_DATA TO PROCESS_.
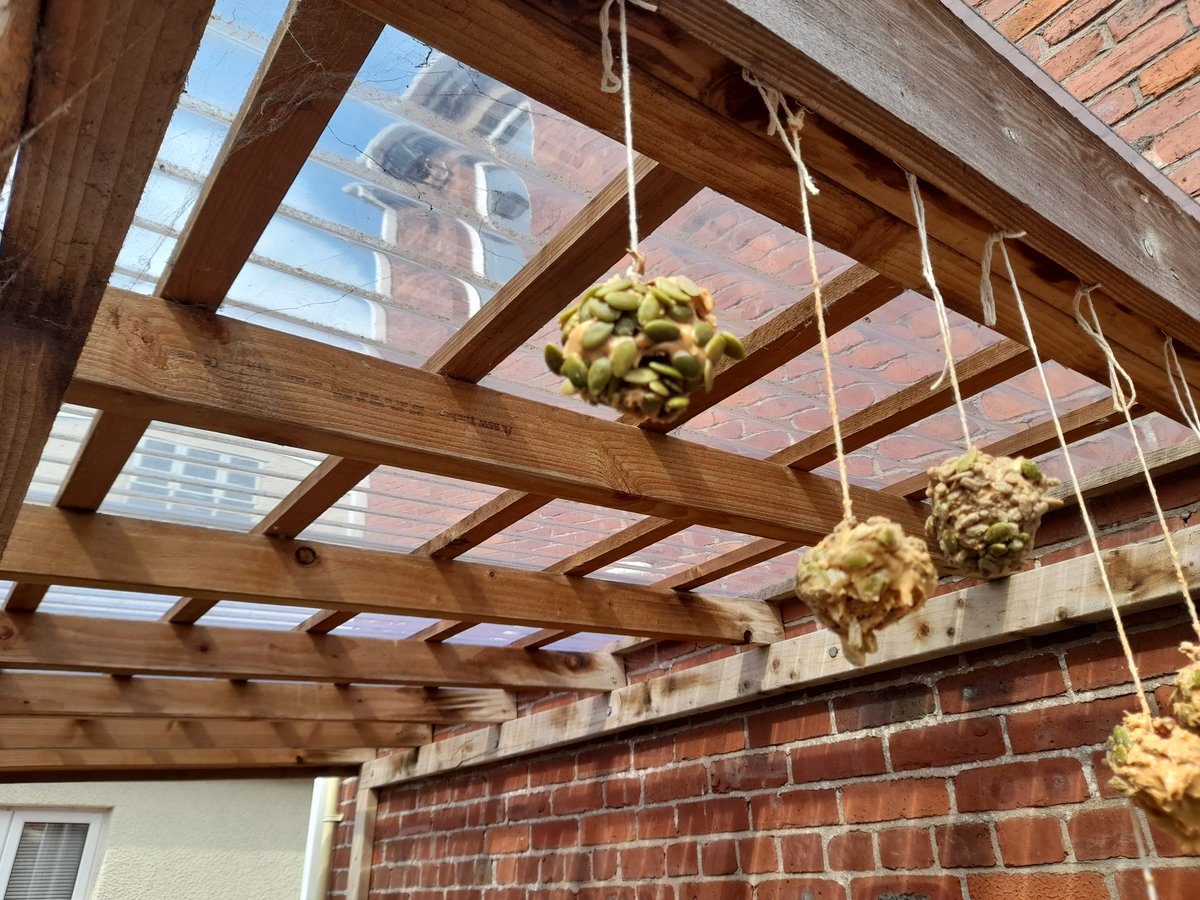 andyacttraining's tweet photo. Learners have planting chilies and making pine cone bird feeders.
Get in touch to find out more.
#jgw #acttraining #bridgend #careerswales https://t.co/wUi4xVEIx6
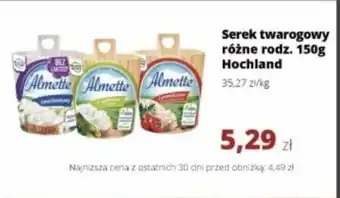 Torimpex Serek twarogowy Hochland oferta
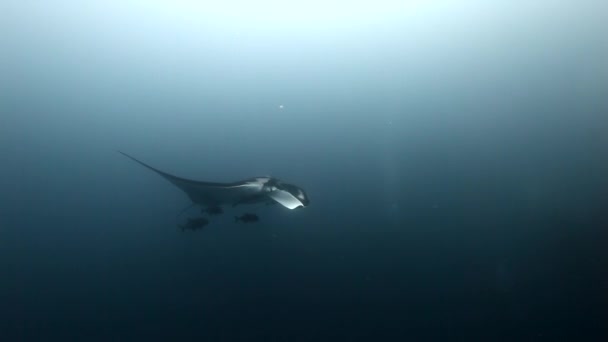 Giant Manta Ray Birostris Ocean Sea Marine Life. — Stock Video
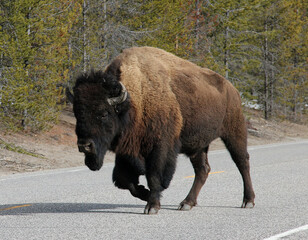 Amerikanischer Präriebison - Büffel © Studio M. Brix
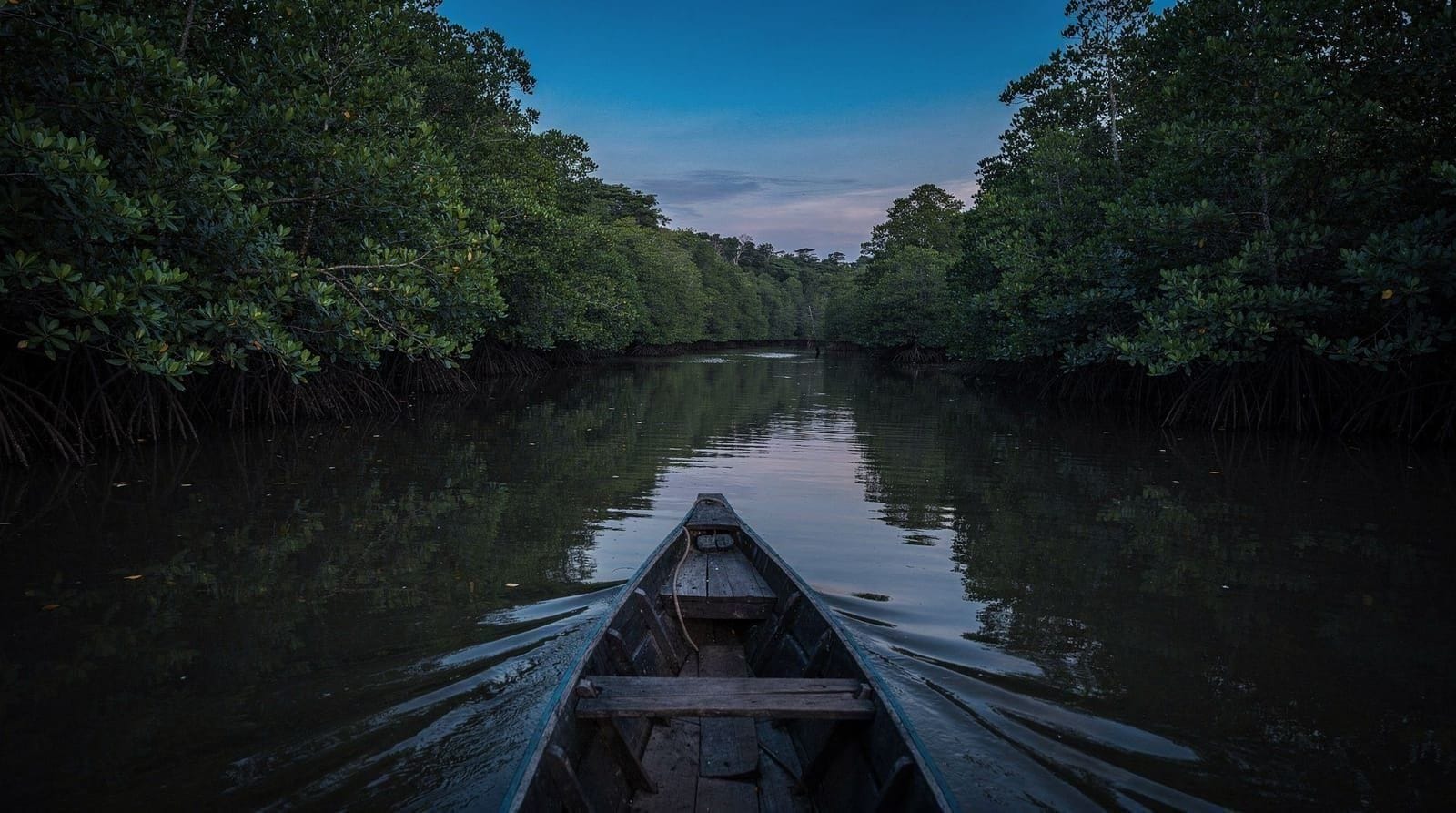 Kuala Selangor fireflies — complete guide to the night boat tour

_WHAT IS BEING ASKED_.
An image-free, exact version of the listing above is required.

_RESPONSE FOR THIS EXERCISE_.
 andyacttraining's tweet photo. Learners have planting chilies and making pine cone bird feeders.
Get in touch to find out more.
#jgw #acttraining #bridgend #careerswales https://t.co/wUi4xVEIx6
 Torimpex Serek twarogowy Hochland oferta
 Giant Manta Ray Birostris Ocean Sea Marine Life. — Stock Video
 Amerikanischer Präriebison - Büffel © Studio M. Brix
 Kuala Selangor fireflies — complete guide to the night boat tour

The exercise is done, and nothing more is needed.